§ **Task statement**: Only one stretch of the data below is wanted: the lines from the one with "Maquette de véhicule" through the one with "A mannequin torso", repeated exactly.

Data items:
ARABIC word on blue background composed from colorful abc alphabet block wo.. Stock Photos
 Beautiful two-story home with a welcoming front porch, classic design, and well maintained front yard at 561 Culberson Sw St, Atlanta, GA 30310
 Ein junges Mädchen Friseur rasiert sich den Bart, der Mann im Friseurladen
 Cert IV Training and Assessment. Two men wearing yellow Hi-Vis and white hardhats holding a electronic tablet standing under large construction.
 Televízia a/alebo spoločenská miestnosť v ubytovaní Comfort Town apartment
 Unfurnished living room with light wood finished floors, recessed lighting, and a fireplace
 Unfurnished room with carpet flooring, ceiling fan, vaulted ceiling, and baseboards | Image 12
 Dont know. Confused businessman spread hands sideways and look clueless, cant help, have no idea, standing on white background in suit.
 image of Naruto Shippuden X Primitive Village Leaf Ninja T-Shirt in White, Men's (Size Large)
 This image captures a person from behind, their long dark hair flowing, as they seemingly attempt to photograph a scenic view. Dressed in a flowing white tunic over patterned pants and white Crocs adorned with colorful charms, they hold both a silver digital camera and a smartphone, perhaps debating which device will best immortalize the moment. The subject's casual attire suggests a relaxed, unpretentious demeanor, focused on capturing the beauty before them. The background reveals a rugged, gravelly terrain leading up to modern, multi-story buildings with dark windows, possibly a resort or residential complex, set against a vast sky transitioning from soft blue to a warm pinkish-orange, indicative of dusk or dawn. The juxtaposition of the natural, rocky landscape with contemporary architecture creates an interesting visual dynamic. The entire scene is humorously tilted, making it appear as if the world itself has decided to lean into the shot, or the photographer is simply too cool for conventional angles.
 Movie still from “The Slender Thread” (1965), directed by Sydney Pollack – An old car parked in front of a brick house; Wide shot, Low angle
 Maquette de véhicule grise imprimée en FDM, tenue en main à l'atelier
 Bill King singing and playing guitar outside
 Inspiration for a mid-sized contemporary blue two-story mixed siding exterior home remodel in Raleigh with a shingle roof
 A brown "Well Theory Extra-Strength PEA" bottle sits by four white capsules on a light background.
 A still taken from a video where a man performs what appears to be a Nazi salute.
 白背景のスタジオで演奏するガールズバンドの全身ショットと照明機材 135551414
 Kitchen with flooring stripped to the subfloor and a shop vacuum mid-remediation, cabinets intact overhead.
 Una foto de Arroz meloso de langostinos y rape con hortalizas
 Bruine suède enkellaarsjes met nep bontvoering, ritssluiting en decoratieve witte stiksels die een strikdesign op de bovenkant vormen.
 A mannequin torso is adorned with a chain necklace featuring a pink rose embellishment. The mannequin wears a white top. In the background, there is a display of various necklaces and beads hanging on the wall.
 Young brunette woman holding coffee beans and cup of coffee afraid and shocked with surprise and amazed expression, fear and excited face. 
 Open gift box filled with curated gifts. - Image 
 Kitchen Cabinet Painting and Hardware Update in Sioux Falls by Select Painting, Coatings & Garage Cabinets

§ **Finished exercise**:
 Maquette de véhicule grise imprimée en FDM, tenue en main à l'atelier
 Bill King singing and playing guitar outside
 Inspiration for a mid-sized contemporary blue two-story mixed siding exterior home remodel in Raleigh with a shingle roof
 A brown "Well Theory Extra-Strength PEA" bottle sits by four white capsules on a light background.
 A still taken from a video where a man performs what appears to be a Nazi salute.
 白背景のスタジオで演奏するガールズバンドの全身ショットと照明機材 135551414
 Kitchen with flooring stripped to the subfloor and a shop vacuum mid-remediation, cabinets intact overhead.
 Una foto de Arroz meloso de langostinos y rape con hortalizas
 Bruine suède enkellaarsjes met nep bontvoering, ritssluiting en decoratieve witte stiksels die een strikdesign op de bovenkant vormen.
 A mannequin torso is adorned with a chain necklace featuring a pink rose embellishment. The mannequin wears a white top. In the background, there is a display of various necklaces and beads hanging on the wall.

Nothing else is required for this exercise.